A government sentencing memorandum was filed in U.S. District Court on Wednesday, arguing Katie Crews should serve a probation sentence for her role in McAtee’s death.

Crews plead guilty in Oct. to one count of deprivation of rights under color of law. As part of the guilty plea, Crews agreed not to pursue another law enforcement job.

In June 2020, Crews and other officers were given orders to disperse crowds gathering near McAtee’s restaurant during the summer protests following Breonna Taylor’s death.

>>FULL COVERAGE: The Breonna Taylor Case

The former officer told investigators she had fired pepper balls at McAtee’s niece, Machelle McAtee, after she refused to get back in the restaurant during the mayor’s enacted curfew.

David McAtee pulled Machelle out of a doorway after the pepper balls were fired, and documents state he opened the door and fired several shots with a gun.

Crews, another LMPD officer and two National Guard soldiers returned fire, with one of the National Guard soldier’s bullets striking and killing McAtee.

The FBI case began as Crews was cleared of all state charges, with Commonwealth Attorney Tom Wine saying Crews acted appropriately in returning fire.

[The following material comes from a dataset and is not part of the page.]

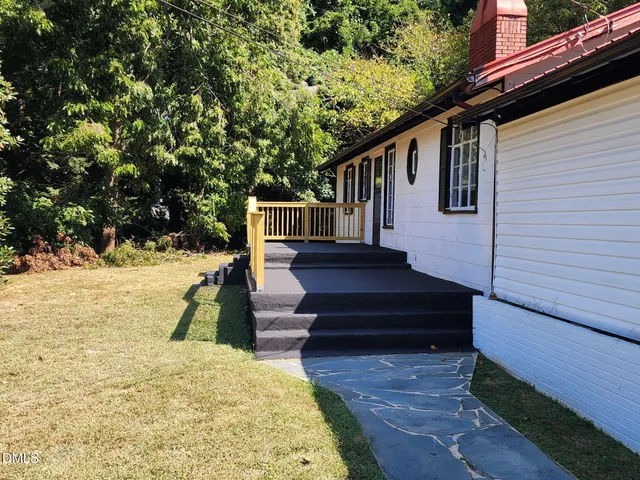 a view of a back yard with a house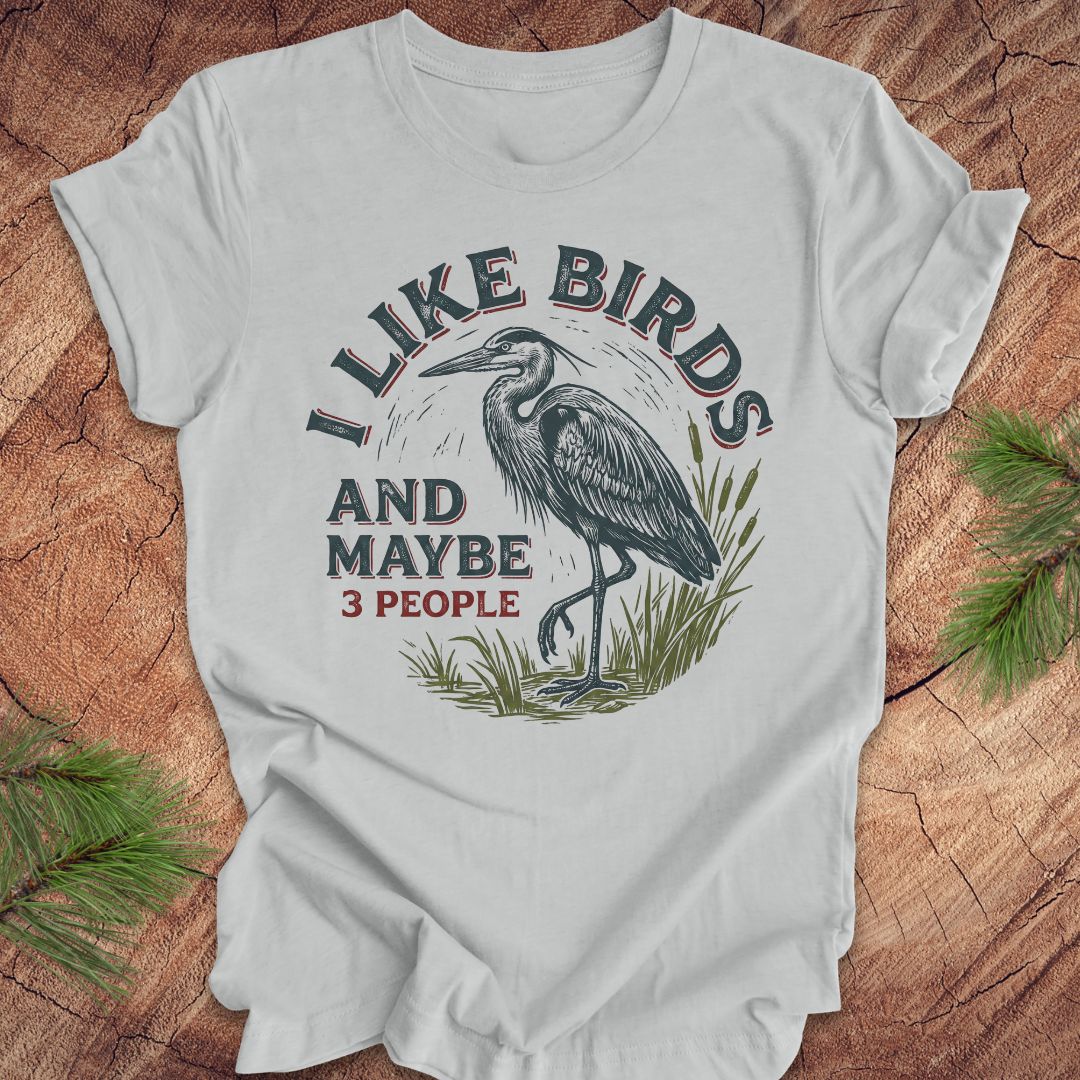 Gray t-shirt with heron graphic and text, 'i like birds and maybe 3 people' on a wooden surface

Prosecutors argued that while Crews’ use of force was excessive, her actions were done with a “legitimate law enforcement purpose” to clear the area and enforce the curfew.

Documents state Crews first shouted verbal arguments, then fired pepper balls at the ground before eventually firing at McAtee’s niece after Crews’ orders were not followed.

Prosecutors said they did not identify any use of excessive force by Crews prior to the incident, stating the former officer had no criminal history.

Due to the listed reasons, prosecutors recommended sentence of probation with 100 hours of community service as sufficient punishment.

Crews is scheduled to be sentenced on Jan. 30.